Alors que les réglementations deviennent plus strictes et que les attentes des consommateurs et de la société ne cessent d’augmenter, les entreprises automobiles doivent être réalistes quant aux niveaux d’investissement actuels et prévus. Au moment de la transition des véhicules à moteur à combustion interne vers les véhicules électriques, l’industrie automobile est sur le point d’entrer dans une décennie cruciale. Si les grandes entreprises se sont bien positionnées pour ce changement, une approche plus holistique est nécessaire, prenant en compte les nouveaux modes de fonctionnement et respectueuse des personnes et de la planète.

« L’industrie automobile entre dans une décennie cruciale qui sera largement conditionnée par sa capacité à passer au tout-électrique. Mais, alors même que la durabilité est reconnue comme une priorité absolue, le secteur dans son ensemble prend du retard. Si elles veulent atteindre les objectifs de 2050 fixés par l’Accord de Paris, les entreprises automobiles doivent réfléchir de manière pratique à leur approche de la durabilité. Cela passe par un engagement significatif et renouvelé envers l’économie circulaire qui soit centré sur le cycle de vie complet du véhicule, ainsi que par la prise en compte des émissions de portée 3, » déclare Alexandre Audoin, à la tête du secteur Automobile chez Capgemini. « Une responsabilisation à tous les niveaux de l’entreprise est impérative pour permettre la définition d’objectifs durables et indicateurs clés de performance et progresser sur la bonne voie. »

Pour en savoir plus et accéder au rapport, cliquez ici.

Méthodologie

Le Capgemini Research Institute a interrogé, sur la période de juillet-août 2022, 1 080 dirigeants travaillant dans des grandes entreprises du secteur automobile – équipementiers ayant un chiffre d’affaires annuel supérieur à 1 milliard de dollars ; fournisseurs ; constructeurs de véhicules électriques ‘pure players’ – dans 9 pays.

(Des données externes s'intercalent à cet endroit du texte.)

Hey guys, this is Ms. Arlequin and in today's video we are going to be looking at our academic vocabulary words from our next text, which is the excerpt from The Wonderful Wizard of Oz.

Les personnes interrogées sont responsables de la stratégie d’entreprise, de la stratégie produit, de la planification, des finances, de la chaîne d’approvisionnement, de la durabilité, de l’après-vente, des services de mobilité, des ventes et du marketing, de la fabrication et de la production, des opérations, de l’informatique, de l’ingénierie, de la R&D et de la conception, directeurs ou cadres supérieurs, responsables de la stratégie, des initiatives, de la gouvernance et des investissements de l’entreprise en matière de durabilité, et de leur impact. Pour cette étude, 20 entretiens approfondis ont également été menés avec des dirigeants et des experts du secteur. 


[1] Le développement durable dans l’industrie automobile implique une vision globale des opérations, processus, produits et services respectueux de la planète et de l’être humain. Cela inclut une série d’éléments allant de la “R&D et du développement de produits durables” à l'”informatique durable” et couvre la chaîne de valeur automobile, de la conception R&D aux services de mobilité. Dans le cadre de cette étude, le Capgemini Research Institute s’est concentré parmi les trois piliers “ESG” sur la durabilité environnementale.

[2] Les émissions de gaz à effet de serre du Scope 1 sont des émissions directes libérées dans l’atmosphère qui proviennent de sources détenues ou contrôlées. Les émissions du Scope 3 sont les émissions indirectes de gaz à effet de serre autres que les émissions du Scope 2 qui sont générées dans l’économie au sens large. Elles sont produites par les activités d’une entité, mais proviennent de sources non détenues ou contrôlées par les activités de l’entité en question. Citons par exemple l’extraction et la production de matériaux achetés, le transport de carburants achetés, l’utilisation de services et produits vendus. Le Scope 3 inclut également les émissions associées à la sous-traitance des activités liées à l’élimination des déchets solides et au traitement des eaux usées. Certaines émissions du Scope 3 peuvent également provenir des pertes transport et distribution (T&D) associées à l’électricité achetée.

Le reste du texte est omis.